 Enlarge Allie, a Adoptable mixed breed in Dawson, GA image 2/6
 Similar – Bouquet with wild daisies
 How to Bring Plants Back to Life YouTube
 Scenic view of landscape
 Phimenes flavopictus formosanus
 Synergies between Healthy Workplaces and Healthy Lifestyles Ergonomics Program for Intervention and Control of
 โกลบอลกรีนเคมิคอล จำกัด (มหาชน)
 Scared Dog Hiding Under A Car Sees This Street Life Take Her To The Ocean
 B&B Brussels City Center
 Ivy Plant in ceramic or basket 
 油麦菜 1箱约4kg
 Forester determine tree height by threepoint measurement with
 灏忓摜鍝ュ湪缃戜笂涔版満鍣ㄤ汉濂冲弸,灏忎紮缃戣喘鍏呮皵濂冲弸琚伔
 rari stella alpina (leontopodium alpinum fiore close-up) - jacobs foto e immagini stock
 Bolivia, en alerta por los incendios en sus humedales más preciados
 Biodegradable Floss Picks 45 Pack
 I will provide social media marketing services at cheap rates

[Description of the task] Each line that includes the word "with" counts once; report how many such lines the entries have, and nothing else.

[Solution for this exercise] 2